WHAT TO DO: Exactly retype the opening line of the entries and every line after it, ending with the line that contains "The same applies". Skip all pictures.

DATA:

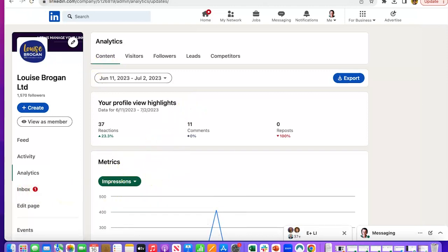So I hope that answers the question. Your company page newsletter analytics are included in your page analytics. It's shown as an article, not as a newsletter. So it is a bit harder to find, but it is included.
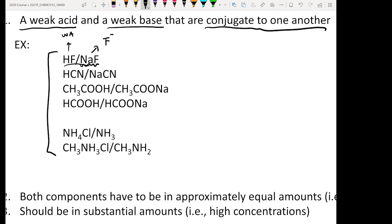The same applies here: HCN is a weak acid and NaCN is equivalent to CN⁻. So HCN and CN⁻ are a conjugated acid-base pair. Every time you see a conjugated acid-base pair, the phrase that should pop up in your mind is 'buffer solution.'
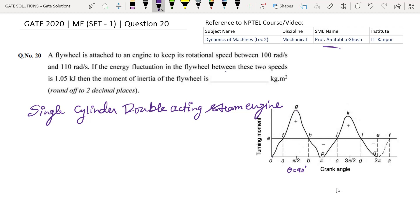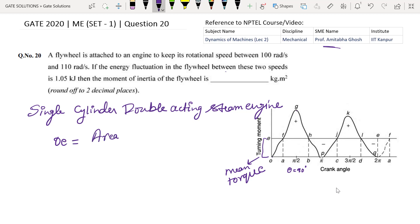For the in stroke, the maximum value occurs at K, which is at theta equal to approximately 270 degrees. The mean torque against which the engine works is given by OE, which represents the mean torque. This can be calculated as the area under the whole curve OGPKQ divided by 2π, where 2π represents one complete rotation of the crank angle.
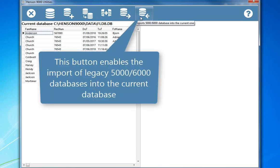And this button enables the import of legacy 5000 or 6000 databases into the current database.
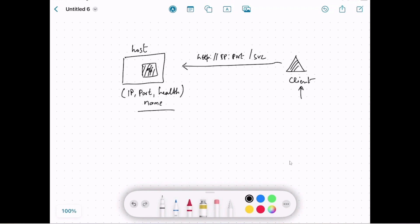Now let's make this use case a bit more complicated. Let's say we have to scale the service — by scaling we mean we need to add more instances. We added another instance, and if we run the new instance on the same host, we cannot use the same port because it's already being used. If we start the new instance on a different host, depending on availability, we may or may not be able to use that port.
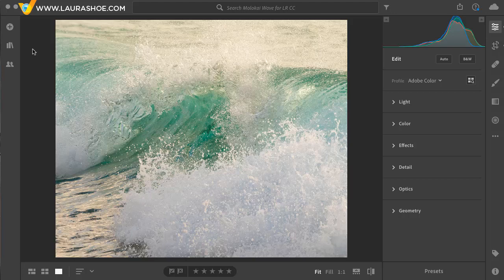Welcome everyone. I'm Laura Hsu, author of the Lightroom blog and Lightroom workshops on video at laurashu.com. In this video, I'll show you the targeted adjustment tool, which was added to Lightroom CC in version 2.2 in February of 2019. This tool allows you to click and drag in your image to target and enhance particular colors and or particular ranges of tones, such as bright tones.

WRITTEN RESPONSE:
So I hope that answers the question. Your company page newsletter analytics are included in your page analytics. It's shown as an article, not as a newsletter. So it is a bit harder to find, but it is included.
The same applies here: HCN is a weak acid and NaCN is equivalent to CN⁻. So HCN and CN⁻ are a conjugated acid-base pair. Every time you see a conjugated acid-base pair, the phrase that should pop up in your mind is 'buffer solution.'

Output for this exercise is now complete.